Л. С. Выготский подходит к произведениям искусства как психолог, но как психолог, порвавший со старой субъективно-эмпирической психологией. Поэтому в своей книге он выступает против традиционного психологизма в трактовке искусства. Избранный им метод является объективным, аналитическим. Его замысел состоял в том, чтобы, анализируя особенности структуры художественного произведения, воссоздать структуру той реакции, той внутренней деятельности, которую оно вызывает. В этом Выготский видел путь, позволяющий проникнуть в тайну непреходящего значения великих произведений искусства, найти то, в силу чего греческий эпос или трагедии Шекспира до сих пор продолжают, по словам Маркса, «доставлять нам художественное наслаждение и в известном отношении служить нормой и недосягаемым образцом» .

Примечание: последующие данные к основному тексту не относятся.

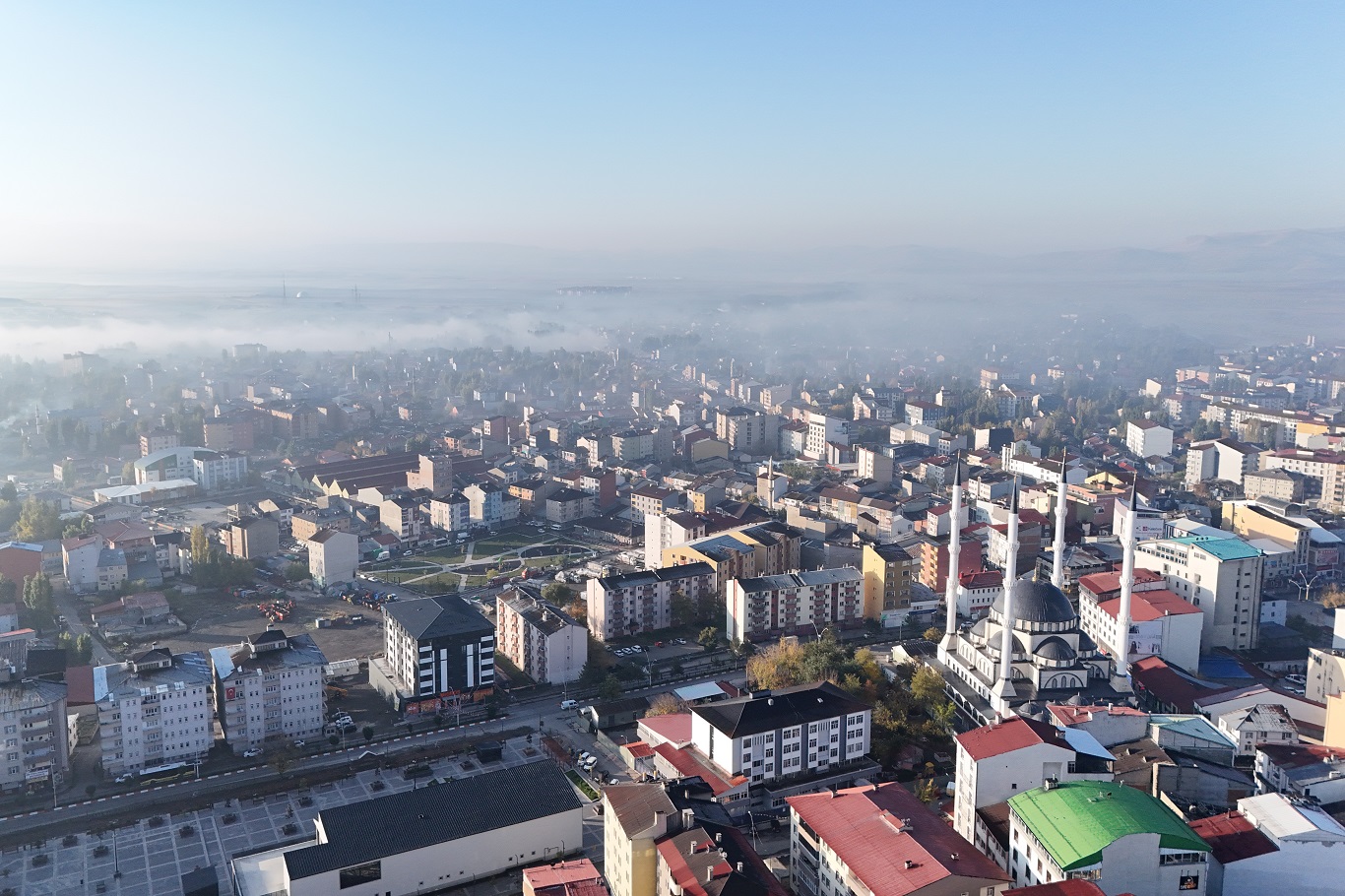 Nehir boyunca görsel şölen, kente sis çöktü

Нужно было, прежде всего, произвести расчистку этого пути, отсеять многие неверные решения, которые предлагались в наиболее распространенной литературе того времени. Поэтому в книге Выготского немалое место занимает критика односторонних взглядов на специфику искусства, специфику его человеческой и вместе с тем социальной функции. Он выступает против сведения функции искусства к функции собственно познавательной, гностической. Если искусство и выполняет познавательную функцию, то это – функция особого познания , выполняемая особыми приемами. И дело не просто в том, что это – образное познание. Обращение к образу, символу само по себе еще не создает художественного произведения. «Пиктографичность» произведения и его художественность – разные вещи. Сущность и функция искусства не заключается и в самой по себе форме, ибо форма не существует самостоятельно и не является самоценной. Ее действительное значение открывается, лишь когда мы рассматриваем ее по отношению к тому материалу, который она преобразует, «развоплощает», по выражению Выготского, и дает ему новую жизнь в содержании художественного произведения. С этих позиций автор и выступает против формализма в искусстве, критике которого он посвящает целую главу своей книги («Искусство как прием»).

Но, может быть, специфика искусства заключается в выражении эмоциональных переживаний, в передаче чувств? Это решение тоже отвергается автором. Он выступает против и теории заражения чувствами и чисто гедонистического понимания функции искусства.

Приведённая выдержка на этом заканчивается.